So Where Are They Now?
The Guardian wondered the same thing I did, and went and found some of those kids to ask them about their experiences and how they’ve been doing ten years later. It’s not easy to figure out where those kids are, and I want to show respect to the privacy of the ones who’ve chosen to lower their profiles since the documentary–so information is going to be cursory in places (apologies in advance).
One of those kids, Andrew Sommerkamp, left Christianity after his father came out as gay. After a few angry years the youth ended up in a beach commune of drug-using hippies and seems happy now. The Guardian’s picture of him reveals a wild-haired youth with a lopsided but earnest smile. He told The Guardian that he viewed his indoctrination as child abuse in some ways but not others: “I think they had the best of intentions, but I see it as sick people trying to treat sick people. It’s their coping mechanism for figuring out why we’re alive. I wouldn’t trade that experience for anything, though, because it allowed me at such a young age to question my existence.”
The rat-tailed child preacher featured in Jesus Camp, Levi O’Brien, was also located by The Guardian. He’s easily the easiest to find, for that matter. I wasn’t that surprised to see that he was still very outspokenly fundagelical. According to his Twitter, he’s one-hundred-and-crazy-percent fundagelical still, linking to blog posts he’s sporadically written that are completely and heartbreakingly fundagelical-party-line. Though it doesn’t seem like he’s managed to turn his religiosity into a professional career, he claims that his god has given him a good wife, finances that he says “are in order,” and a clear-cut purpose in life thanks to his faithfulness (which means exactly what you think it means for people who lack those things). He’s still very young, so there’s distinctly hope that he’ll one day realize what kind of sand he’s built his castle on. (This is also the kid whose homeschooling mom scornfully described climate change as just a couple of degrees, like honestly who’d even notice that, gyaah, and who seriously thinks that public schoolteachers tell kids they’re “stupid” for believing in Creationism. This was one of many parts of the doco that had me wanting to SMASH.) He’s cut off the rat-tail, too, by the way. No word on whether or not he still feels “yucky” around non-Christians.
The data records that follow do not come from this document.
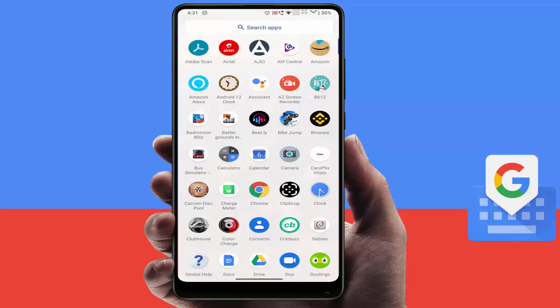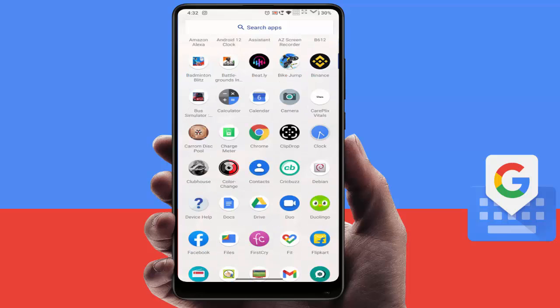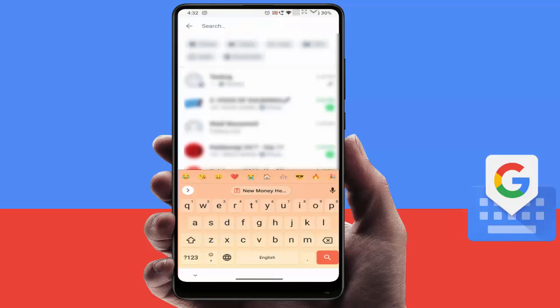Hello guys, hope you all are doing well. Today I am back with one of the most interesting videos. In this tutorial, I am going to show you how to disable the emoji bar on your Google keyboard. Whenever you open the Google keyboard on any of your messaging apps, if you are getting some emojis on the top side of your Google keyboard and you don't want to see them, here's what to do.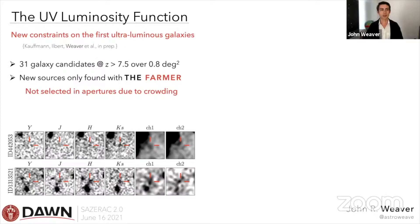We find 31 galaxy candidates at redshift greater than 7.5 over the 0.8 square degrees of the ultra-deep region of COSMOS 2020. Importantly, we also find new sources only found with the model-based photometry from THE FARMER, because the apertures in the optical bands are crowded with neighboring blue sources which force a low-redshift solution mistakenly.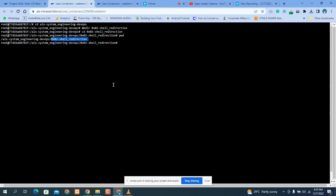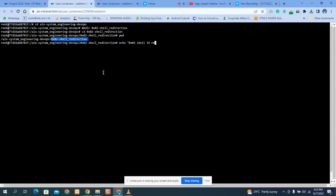Before creating the script, we have to create a README file. To create a README file, you type echo followed by the comment — something like '0-2 shell input/output redirection and features' — as the content.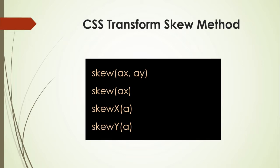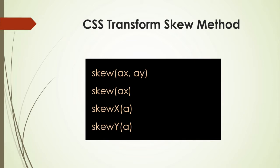If you want to apply skew effect on y-axis, use this method. It takes only one angle value. Now I will apply all methods one by one.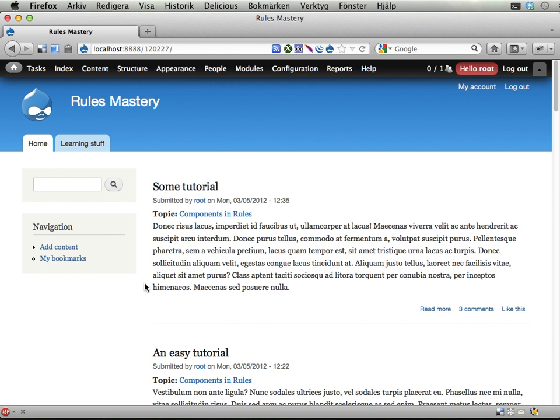Hello, welcome to exercise 14 in this series, Rules Mastery, the last but one exercise. Wow!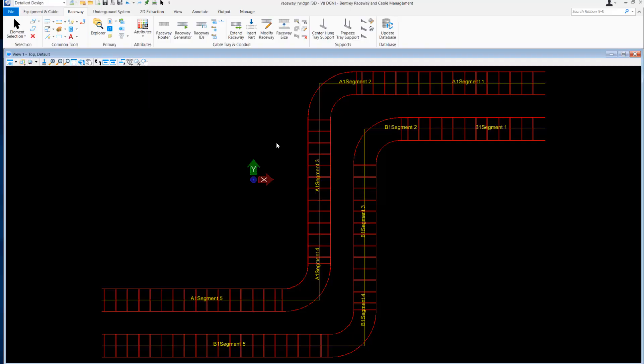Hello, my name is Lalitesh Vedyar and welcome to the channel. In today's video, I will explain how to configure Raceway IDs with position attributes in Bentley Raceway and Cable Management.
Rachael Elhardt, a sweet and quiet little girl featured in the documentary, got married and is now Rachael Franus. It appears that she is still Christian, but I couldn’t find any evidence that she’s a PRAYER WARRIOR FOR JESUS type or anything. According to a video she made a few years ago, she almost deconverted but in the end seems to have stuck with it in some form or fashion. Her husband appears to be a little more fervent than she is but still, he’s nowhere near the most annoying Christian I’ve ever seen online. He and his wife appear to be tutors or teachers or something.
Tory Binger, the enthusiastic dancer-for-Jesus whose entire introduction consists of her parroting what appears to be word-for-word stuff she’s heard adults say, is rumored to be okay and not a fundie anymore, according to someone on LiveJournal. She’s also the hardest of the kids to find. Based on some other stuff I’ve seen I strongly suspect that she is decidedly way-way-not a poster child for the “in the way he should go” camp of Christianity. She seems really nice. As with all of the kids who tangled with fundagelicalism’s worst, I wish her the very best as she navigates adulthood in a post-Christian nation.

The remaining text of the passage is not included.